Computer security is a contradiction in terms. Consider the past year alone: Cyberthieves stole $81 million from the central bank of Bangladesh. The $4.8 billion takeover of Yahoo by Verizon was nearly derailed by two enormous data breaches. Russian hackers interfered in the American presidential election.
Away from the headlines, a black market in computerized extortion, hacking-for-hire and stolen digital goods is booming. The problem is about to get worse.
Computers increasingly deal not only with abstract data such as credit-card details and databases but also with the real world of physical objects and vulnerable human bodies. A modern car is a computer on wheels, an airplane is a computer with wings. The arrival of the “internet of things” will see computers baked into everything from road signs and MRI scanners to prosthetics and insulin pumps.
There is little evidence that these gadgets will be any more trustworthy than their desktop counterparts. Hackers already have proven that they can take remote control of connected cars and pacemakers.
It is tempting to believe that the security problem can be solved with yet more technical wizardry and a call for heightened vigilance. It certainly is true that many companies still fail to take security seriously enough. That requires a kind of cultivated paranoia that does not come naturally to non-tech companies. Organizations of all stripes should embrace initiatives such as “bug bounty” programs, whereby companies reward ethical hackers for discovering flaws so that they can be fixed before they are abused.
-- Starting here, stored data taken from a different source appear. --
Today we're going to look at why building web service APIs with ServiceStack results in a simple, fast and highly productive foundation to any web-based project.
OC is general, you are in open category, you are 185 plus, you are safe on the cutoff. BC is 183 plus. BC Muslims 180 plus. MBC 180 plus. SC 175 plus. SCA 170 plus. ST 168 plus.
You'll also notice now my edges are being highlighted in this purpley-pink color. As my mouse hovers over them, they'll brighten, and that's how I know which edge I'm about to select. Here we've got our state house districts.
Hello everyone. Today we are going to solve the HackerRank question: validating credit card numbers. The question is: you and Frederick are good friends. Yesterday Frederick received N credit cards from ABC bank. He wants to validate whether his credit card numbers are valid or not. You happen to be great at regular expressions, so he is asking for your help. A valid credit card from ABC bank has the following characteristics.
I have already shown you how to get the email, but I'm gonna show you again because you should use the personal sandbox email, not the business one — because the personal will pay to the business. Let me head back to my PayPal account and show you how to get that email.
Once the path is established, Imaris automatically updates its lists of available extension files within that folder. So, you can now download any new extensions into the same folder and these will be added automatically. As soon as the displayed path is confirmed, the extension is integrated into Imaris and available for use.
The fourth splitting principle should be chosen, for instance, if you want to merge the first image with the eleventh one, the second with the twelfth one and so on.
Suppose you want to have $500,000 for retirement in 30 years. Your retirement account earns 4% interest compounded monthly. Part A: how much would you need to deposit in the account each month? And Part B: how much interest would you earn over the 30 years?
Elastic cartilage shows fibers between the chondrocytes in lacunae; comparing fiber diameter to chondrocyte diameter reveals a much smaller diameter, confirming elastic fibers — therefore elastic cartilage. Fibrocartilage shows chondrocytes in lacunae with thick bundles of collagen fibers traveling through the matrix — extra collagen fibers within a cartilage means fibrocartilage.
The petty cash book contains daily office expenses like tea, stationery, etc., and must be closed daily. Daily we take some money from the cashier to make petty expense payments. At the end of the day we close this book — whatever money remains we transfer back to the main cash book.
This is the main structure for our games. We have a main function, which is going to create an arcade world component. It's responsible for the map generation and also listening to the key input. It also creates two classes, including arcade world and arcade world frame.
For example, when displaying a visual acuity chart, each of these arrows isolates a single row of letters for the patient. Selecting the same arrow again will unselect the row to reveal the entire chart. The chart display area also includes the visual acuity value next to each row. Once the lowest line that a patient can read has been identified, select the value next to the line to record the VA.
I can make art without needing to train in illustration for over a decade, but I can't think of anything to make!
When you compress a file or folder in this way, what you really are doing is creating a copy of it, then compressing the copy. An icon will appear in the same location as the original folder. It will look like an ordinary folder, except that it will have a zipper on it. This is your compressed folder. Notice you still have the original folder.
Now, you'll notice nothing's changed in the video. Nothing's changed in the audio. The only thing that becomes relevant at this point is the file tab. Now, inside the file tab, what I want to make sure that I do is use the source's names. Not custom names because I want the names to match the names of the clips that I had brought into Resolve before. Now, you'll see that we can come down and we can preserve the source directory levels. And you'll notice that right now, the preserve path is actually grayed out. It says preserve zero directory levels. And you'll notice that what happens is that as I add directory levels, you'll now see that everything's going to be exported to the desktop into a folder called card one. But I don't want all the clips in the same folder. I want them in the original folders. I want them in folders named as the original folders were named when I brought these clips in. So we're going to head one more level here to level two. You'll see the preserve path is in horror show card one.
There is no way to make computers completely safe, however. Software is hugely complex. Across its products, Google must manage around 2 billion lines of source code, so errors are inevitable. The average program has 14 separate vulnerabilities, each of them a potential point of illicit entry. Such weaknesses are compounded by the history of the internet, in which security was an afterthought.
This is not a counsel of despair. The risk from fraud, car accidents and the weather can never be eliminated completely either. However, societies have developed ways of managing such risk — from government regulation to the use of legal liability and insurance to create incentives for safer behavior.
Start with regulation. Governments’ first priority is to refrain from making the situation worse. Terrorist attacks, such as the recent ones in St. Petersburg and London, often spark calls for encryption to be weakened so that the security services can better monitor what individuals are up to. It is impossible to weaken encryption for terrorists alone, however. The same protection that guards messaging programs such as Whatsapp also guards bank transactions and online identities. Computer security is best served by encryption that is strong for everyone.
The next priority is to set basic product regulations. A lack of expertise always will hamper the ability of users of computers to protect themselves. Governments therefore should promote “public health” for computing. They could insist that internet-connected gizmos be updated with fixes when flaws are found. They could force users to change default usernames and passwords. Reporting laws, already in force in some American states, can oblige companies to disclose when they or their products are hacked. That encourages them to fix a problem instead of burying it.
Setting minimum standards gets you only so far, though. Users’ failure to protect themselves is only one instance of the general problem with computer security — that the incentives to take it seriously are too weak. Often the harm from hackers is not to the owner of a compromised device. Think of botnets — networks of computers, from desktops to routers to “smart” light bulbs, that are infected with malware and attack other targets.